I am pretty new to LDAP & trying to design a schema for a particular need.
I have a Support Organization.
There are three levels P1 - lowest permissions P2 - middle P3 - highest permissions.
I have split the support team into subteams.
TeamA manages customers A1, A2, A3 etc TeamB manages customers B1, B2, B3 etc.
Customer A1 has his internal users. Internal Users of each customer have 2 levels of permissions either P1 or P2. Their P1 or P2 permissions are only for stuff relevant to themselves. i.e a P2 from Customer A1 will not have any permissions for Customer A2.
TeamA people (who manage customers A1, A2 etc) have either P1 or P2 permissions. A person from TeamA who has P2 permissions will have P2 permissions for each customer who is managed by TeamA. i.e. A TeamA P2 will have P2 for A1, A2, A3 (all of them).

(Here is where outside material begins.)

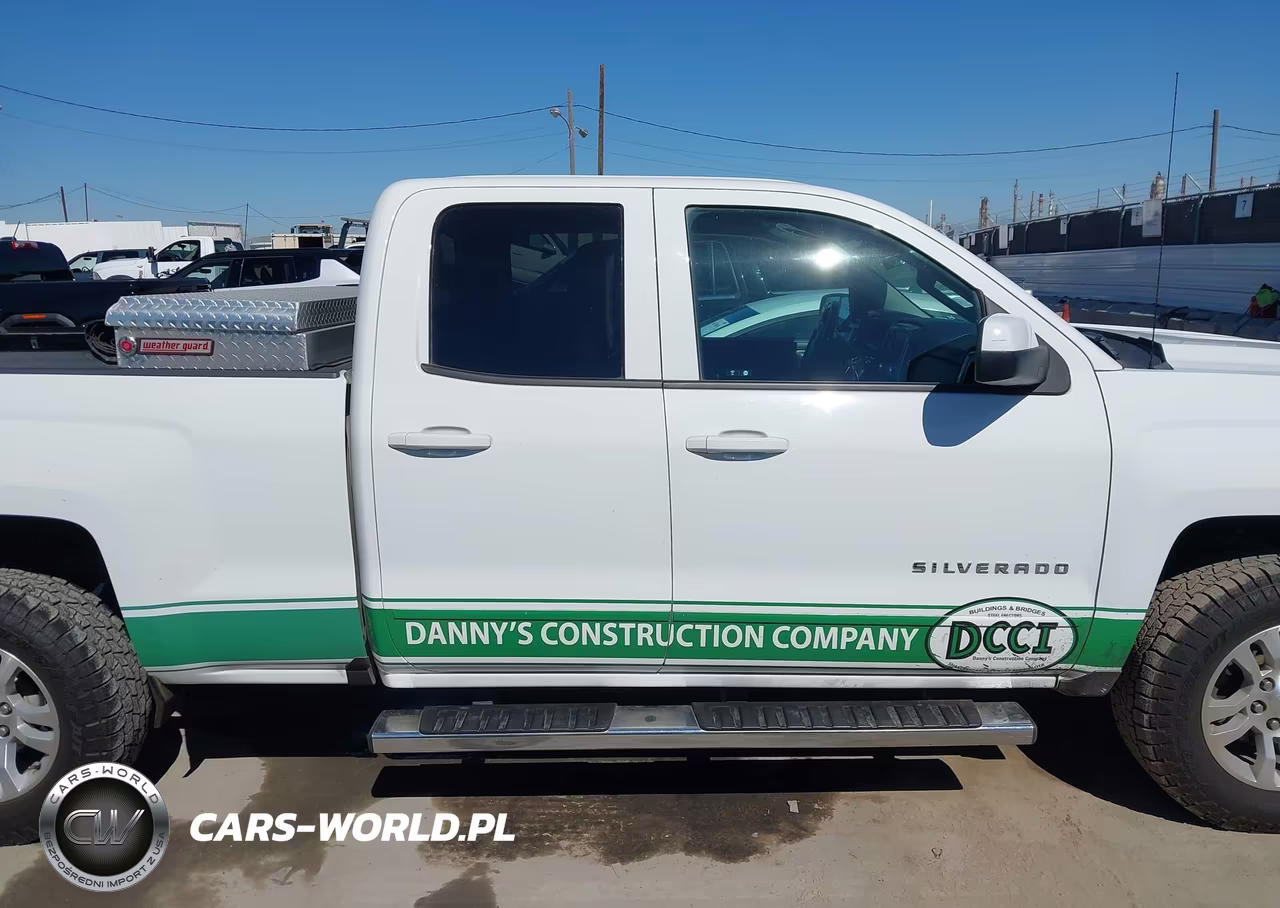2019 Chevrolet Silverado 1500 Ld Lt VIN:2GCVKPECXK1167646 - 13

Then there is a super support team. Here people are not specific to groups of customers. A P2 from the SuperSupport team will have P2 permissions for Customer A1, Customer B1 - for everything. A P3 will be similiar.
I have designing a schema
# Root node dn: dc=myorg,dc=com objectclass: organization objectclass: dcObject o: myorg.com dc: myorg # Groups dn: ou=Groups, dc=myorg,dc=com objectclass: organizationalUnit ou: Groups dn: cn=P1, ou=Groups, dc=myorg,dc=com objectclass: organizationalRole cn: P1 description: Lowest level dn: cn=P2, ou=Groups,dc=myorg,dc=com objectclass: organizationalRole cn: P2 description: Higher level dn: cn=P3, ou=Groups,dc=myorg,dc=com objectclass: organizationalRole cn: P3 description: Highest level of Support # Teams dn: ou=Team, dc=myorg,dc=com objectclass: organizationalUnit ou: partner description: Teams # Team A dn: ou=teamB, ou=Team, dc=myorg,dc=com objectclass: organizationalUnit ou: teamA description: Team A # Team B dn: ou=teamb, ou=Team, dc=myorg,dc=com objectclass: organizationalUnit ou: teamB description: Team B # Customers # Customer A1 of Team A dn: ou=custa1, ou=teama, ou=Team dc=myorg,dc=com objectclass: organizationalUnit ou: custa1 description: Some Org # Customer B2 of Team B dn: ou=custb2, ou=teamb, ou=Team, dc=myorg,dc=com objectclass: organizationalUnit ou: custb2 description: Some other Org
Is it correct up to this?
I am getting a little stuck beyond this - how do I put in people from different teams, different customers, super support etc, so that it would be easy to easily figure out after binding to the ldap server with a uname/passwd - what permissions that particular user has.
Can someone help or point me to a sample schema for similar requirements?
The pedant in me is forced to point out that what you're creating here is not a schema, but a layout. A schema defines objects-types and attributes on the objects, a layout defines where the objects are and what values are assigned to the attributes.
That out of the way...
When you add people you'll be associating them with the OrganizationalRoles you're defining, and people can belong to many of them. In fact, where their object actually resides doesn't confer any rights; it's the act of associating an OR with them. When they bind, they'll gain the rights of the ORs they're a member of, regardless of where their object is.
To answer your question of figuring out what rights they get, they should be listed in two places:
You'd form the LDAP query to pull either the orMember attribute from the user object, or query all organizationalRole objects with a member of the user. The exact name of the attribute on the user depends on your actual LDAP schema in use.